When I tell people about my time in Boston, their reaction helps me to figure out whether or not they have actually lived there or just visited. The non-natives who lived there usually say, "Oh man, I felt the same way!" While those who have just visited say, "What! That's crazy! Boston is such a cool town!" And you know, what? It is a cool town. A cool town to visit. The city is beautiful and lively, there are great restaurants and shopping, and each neighborhood is full of history and sites to explore. But living there on a day to day basis, I started to get sucked into a negative energy in the air. Most days out of the year, the weather is terrible: either humid and muggy or bone-chilling cold and windy. People are cranky all the time.
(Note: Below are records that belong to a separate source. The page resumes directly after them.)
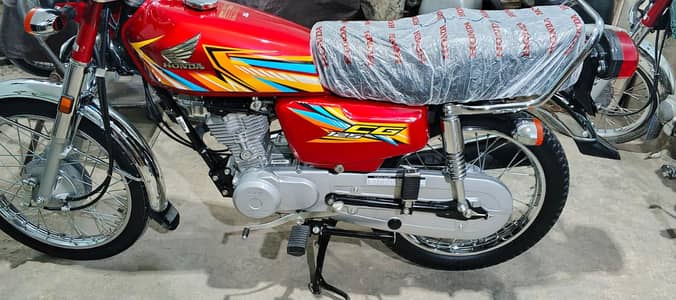 Honda cG 125 25 model 26 Wala sticker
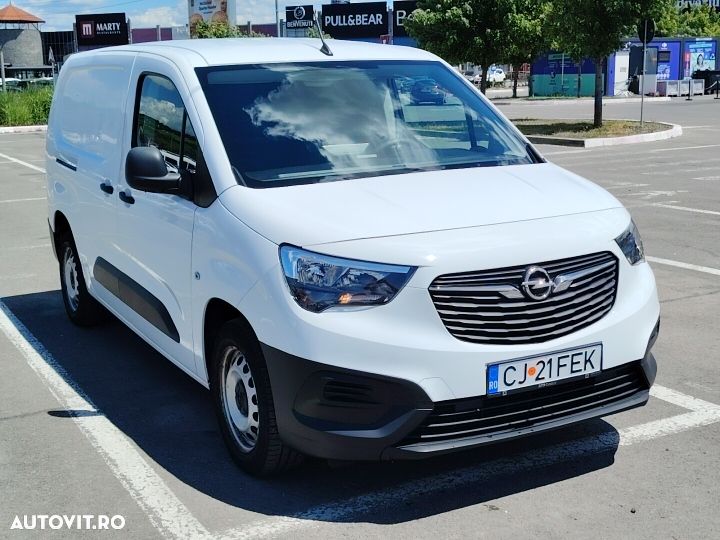 Opel Combo Cargo 1.5 CDTI 100 CP MT6 Start/Stop - 23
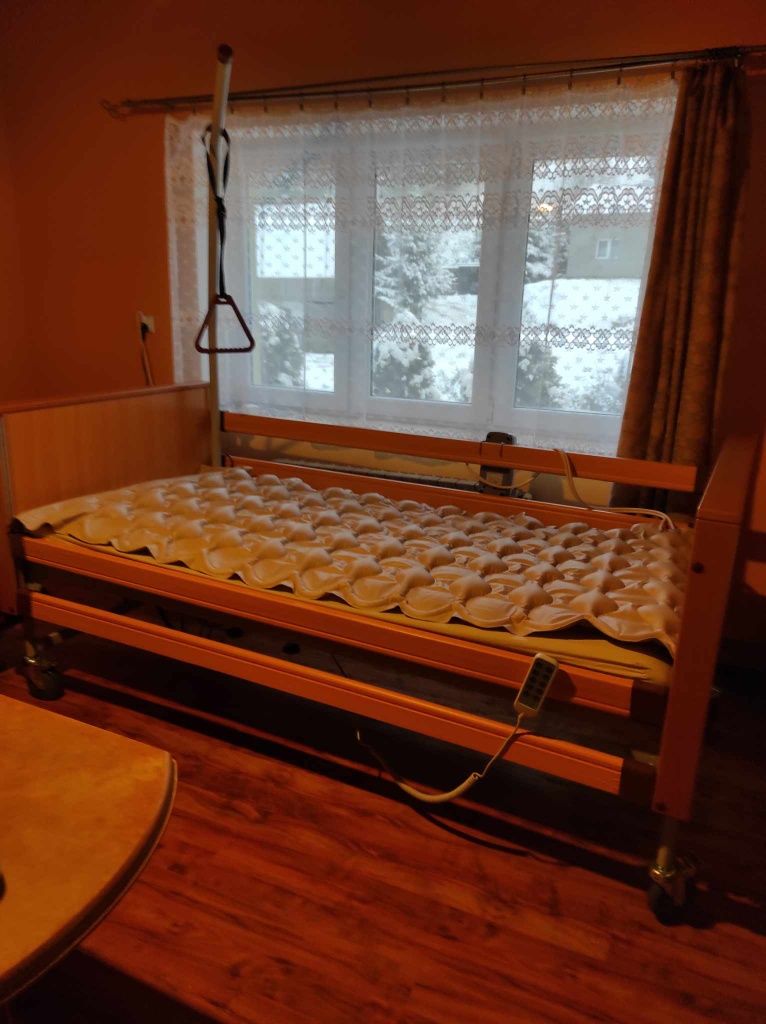 Łóżko rehabilitacyjne elektryczne z materacem
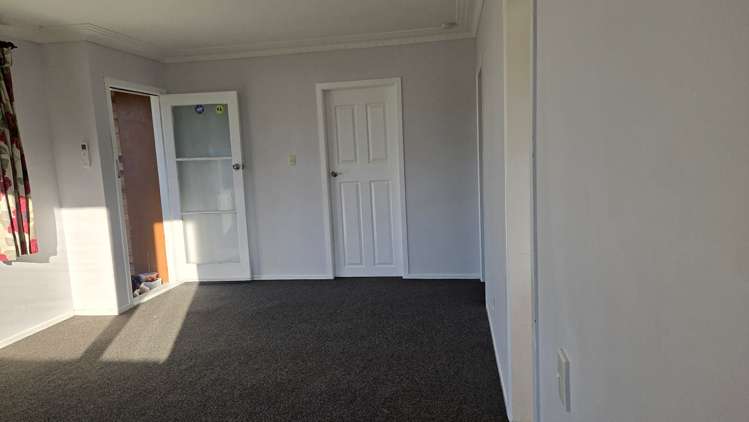 1/9 Hyde Street Manurewa East_2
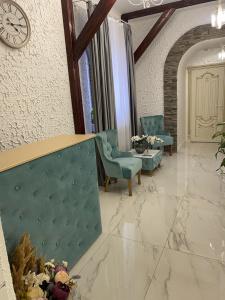 Silver House - 21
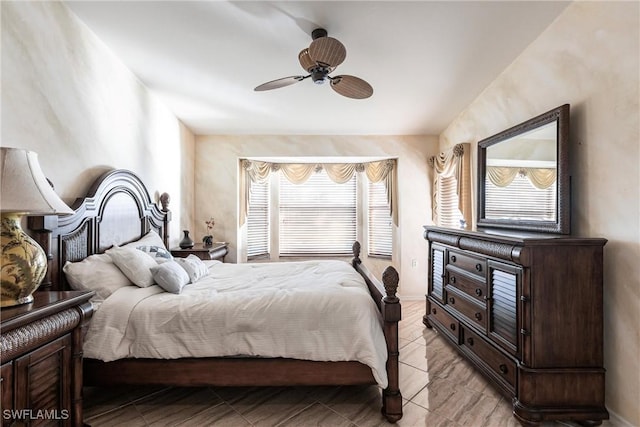 bedroom with ceiling fan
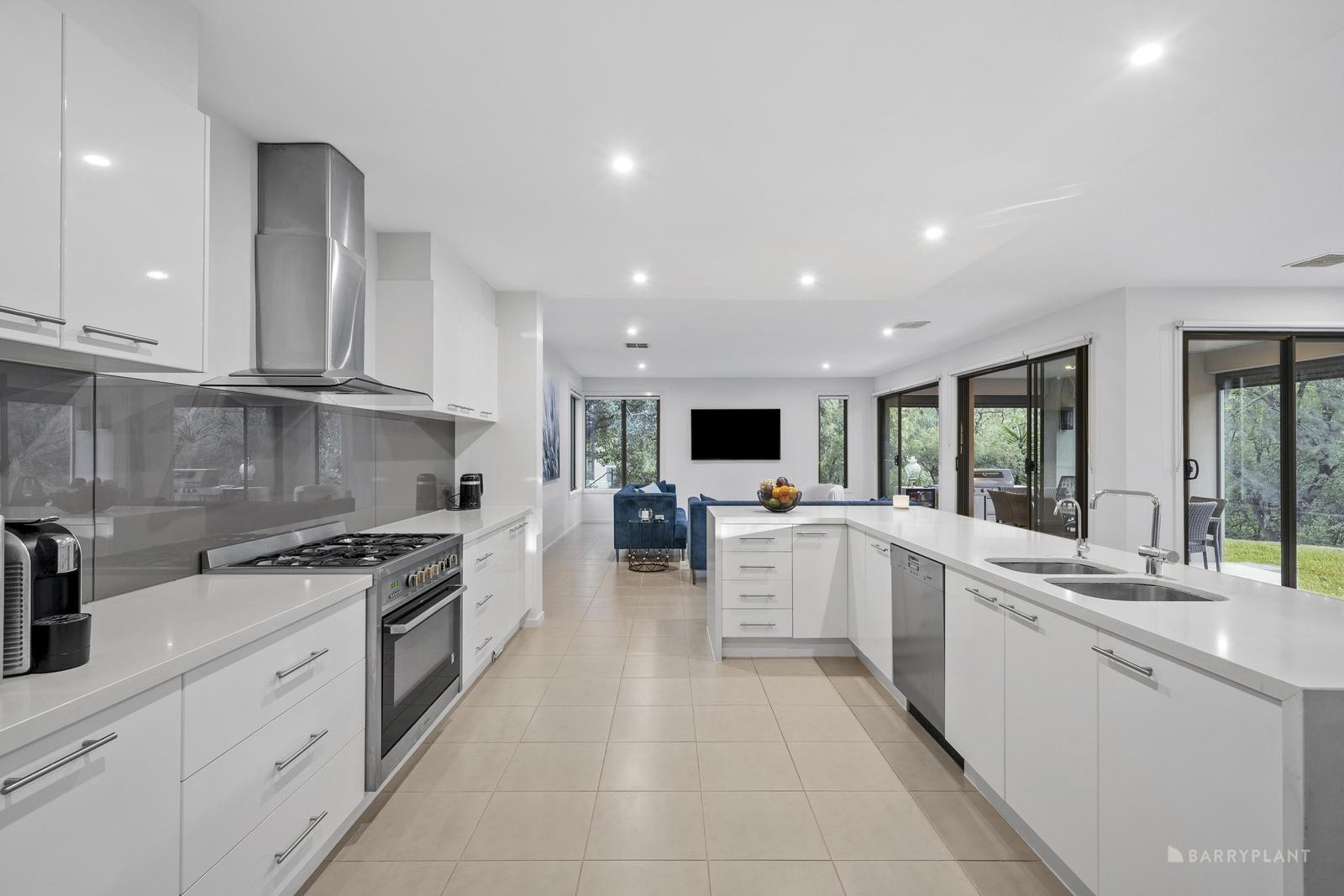 24 Old Lower Plenty Road, Viewbank, VIC 3084, Viewbank - Thumbnail 8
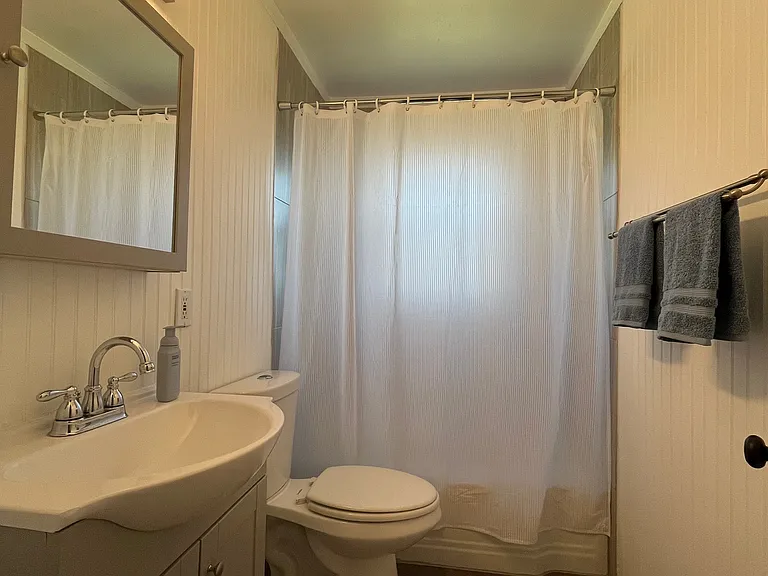 118 Nichols St — Photo 9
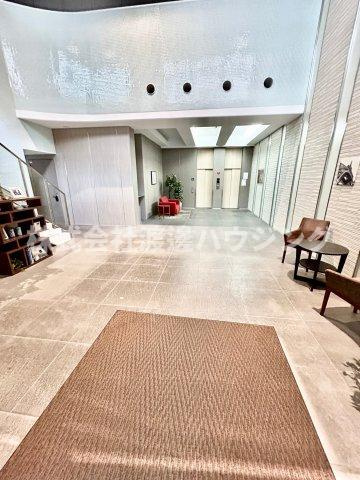 パークフラッツ江坂のエントランス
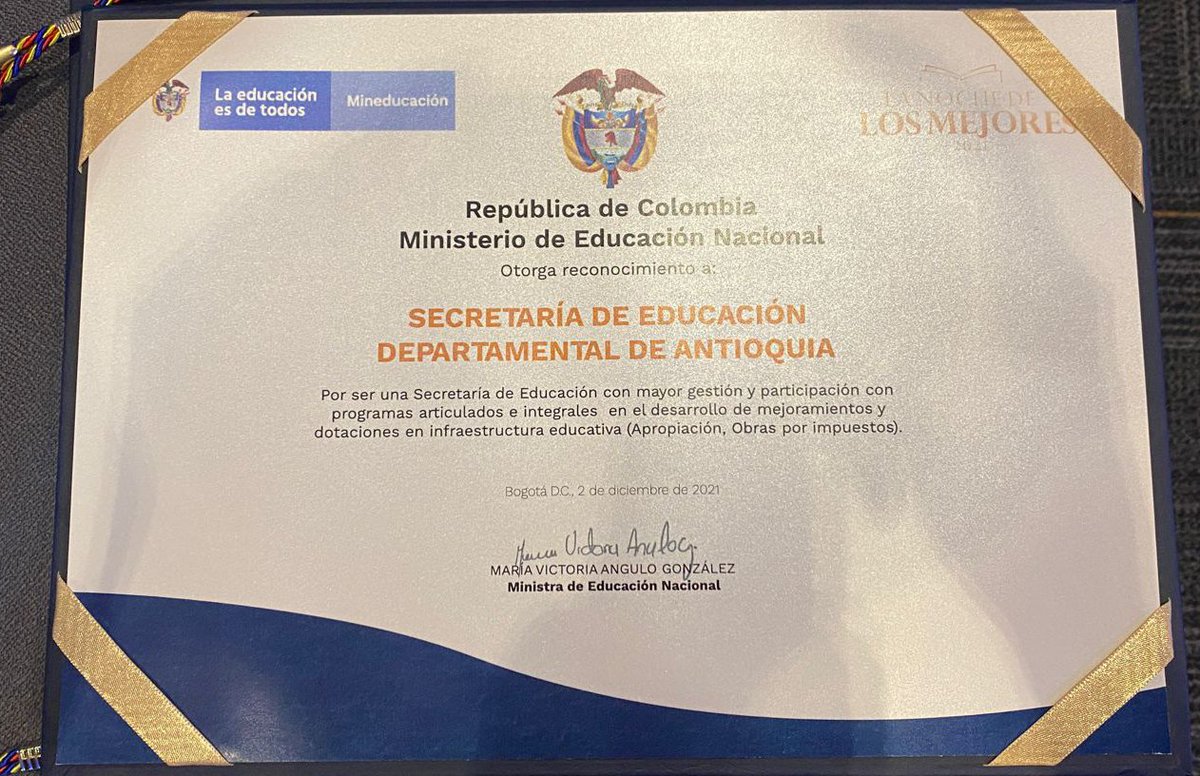 anibalgaviria's tweet photo. A través de Obras por Impuestos, hemos gestionado más de $50.000 millones para la dotación de instituciones educativas. Nos llena de orgullo que esta alianza virtuosa con el sector privado sea reconocida por @Mineducacion en la #NocheDeLosMejores. ¡UNIDOS podemos más! https://t.co/HyYGbcTxYB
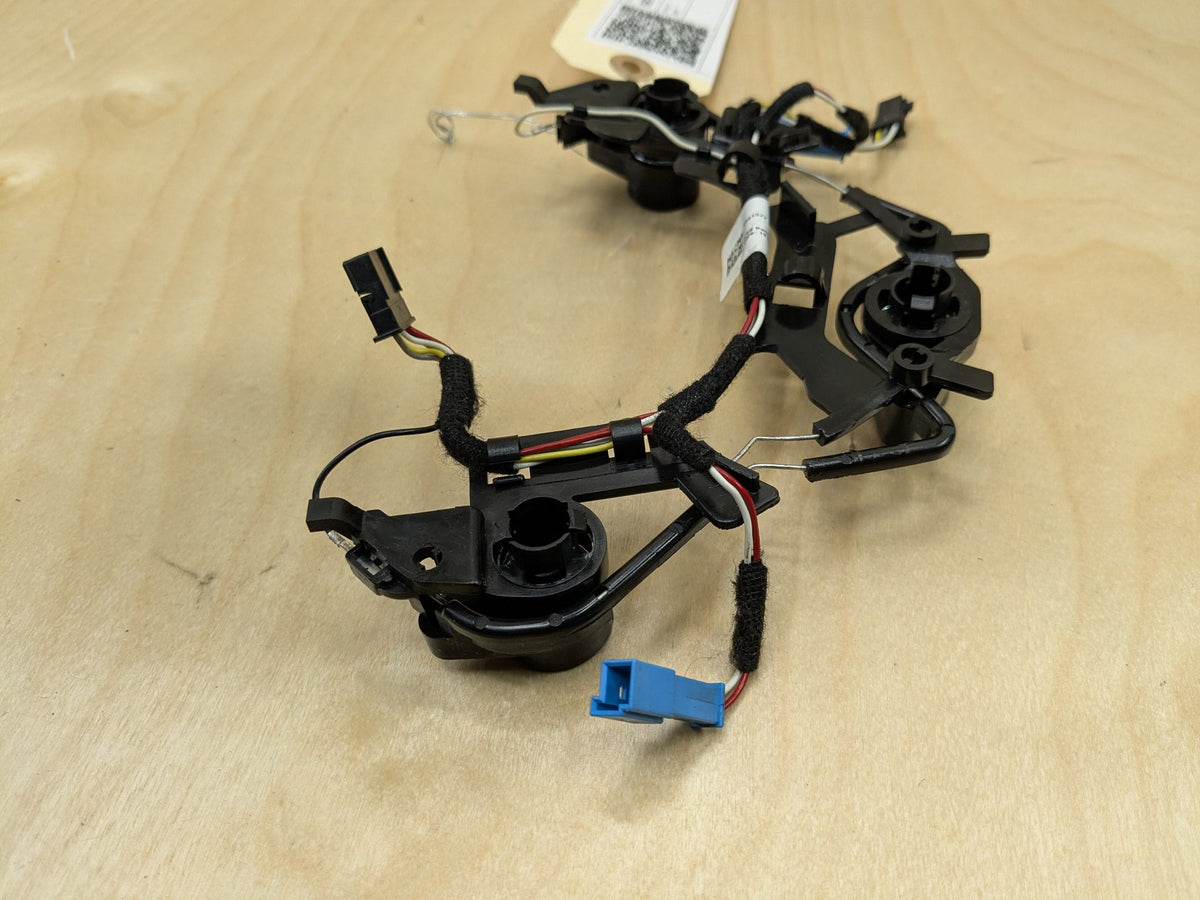 2018-2025 BMW X3 G01 Steering Wheel Vibration Generator Motor 6884317 OEM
They are in rush, bumping into you without the slightest hint of apology. I became bitter, cold, and intolerant. I didn't like myself. As soon as I could, I made plans to get out of there as quickly as possible, not realizing that my next move would bring me to a place where I was happier than I'd ever been in my life. To a city I would fall head over heels in love with and meet the man of my dreams. So you see, I consider Boston a means to an end. I had never in a million years thought about living in San Francisco. But living in Boston brought me there.
I was unsure as to how I would feel, coming back to Boston 6.5 years later. I was older and definitely wiser. Would the city still hold that same negative energy I once experienced? Or was that simply just the stage of life I had been in? Well the first thing that happened when we landed in Logan is that the airline lost my luggage for the first 3 days of our trip. Then, as we headed for Albany, we got stuck in gridlock traffic making it only as far as Newton in 2 hours. We decided to stop and have a quick bite at Bertucci's, grab a Starbucks, and wait for the traffic on the pike to thin out. As we walked into Starbucks, a young kid was being taken out of the bathroom on a stretcher. "What the hell is going on in this town?!" Michael cried. All I could say was, "Welcome to Boston. This city hates me."
The next week we headed back into the city to give it another shot and visit some of my old haunts. And the most amazing thing happened. I was flooded with memories of times I actually enjoyed
remembering. Walking through 4 feet of snow to get to the bar in the middle of a blizzard, late night pizza runs to NY Pizza, buying clothes I couldn't afford, and making all of the seemingly harmless bad decisions a 22-year old is supposed to make when right out of college. Even though it was still raining (seriously, half of our ECLT was spent in the rain), we walked all around my old neighborhood, visited my old apartment, and met up with some friends who came into town to meet us.
my old street in Bay Village
in front of my old apartment
my old office - the top floor of the tallest building in the city.
my bestie from NYC came all the way up to Boston to see me - isn't she the best?!
After a few martinis and a Clover, I decided that it was really nice to see Boston again. I've realized, I don't hate it anymore, but I definitely don't love it. I guess you could say that - me and Boston - we're frenemies now. I do
think it's a great place...for a visit.